The summer of 2020 may feel like a century ago, yet many of the questions and complexities that arose then continue to concern companies and consumers today. That’s why on this Throwback Thursday (#TBT) we’re reexamining the UN’s guidelines around connected vehicles and delving into connected car security. Also, check out a set of interesting facts about self driving cars.
By 2030, approximately 95% of new vehicles produced will have internet connectivity options. This represents a 45% increase over current numbers. Growth prospects for the connected vehicle market are promising, and the market is transforming in unprecedented ways before our eyes. The implications for security and commerce might interest and amaze.
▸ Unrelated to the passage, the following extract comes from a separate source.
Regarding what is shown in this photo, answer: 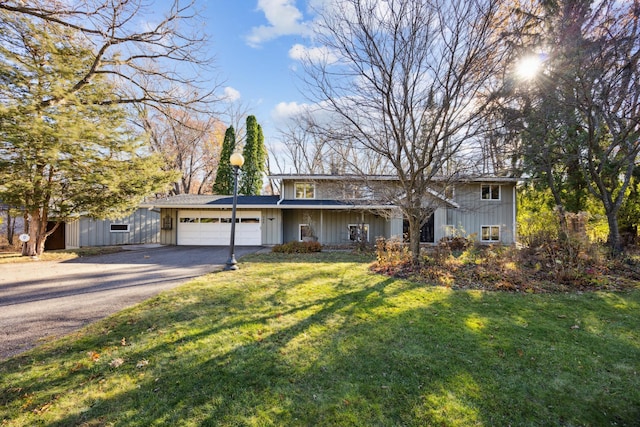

The driverless car is officially a risk
In July of last year, the Wall Street Journal described the international agreement requiring national authorities to approve connected vehicle models ahead of their debut in car lots. Mandates for manufacturers included guaranteeing that suppliers adhered to stringent cyber security protocols. Within nations that signed the agreement, manufacturers must also have forensic technology in place to scan for potential cyber threats.
“Although there are many useful and exciting applications for self driving vehicles, they pose a lot of security risks. Any software has the potential for bugs and security vulnerabilities that can be exploited. This risk increases with the level of connectivity to the outside world – whether that’s certain networks, sensors, IoT devices, or other vehicles. The risk of a cyber attack on these autonomous vehicles has the potential for truly devastating consequences, the worst of which is loss of lives due to collisions. Other consequences could be ransomware that locks an owner out of their vehicle, or a hack on the vehicle’s operating system that exposes personal information on other connected devices,” says Check Point security expert Maya Levine.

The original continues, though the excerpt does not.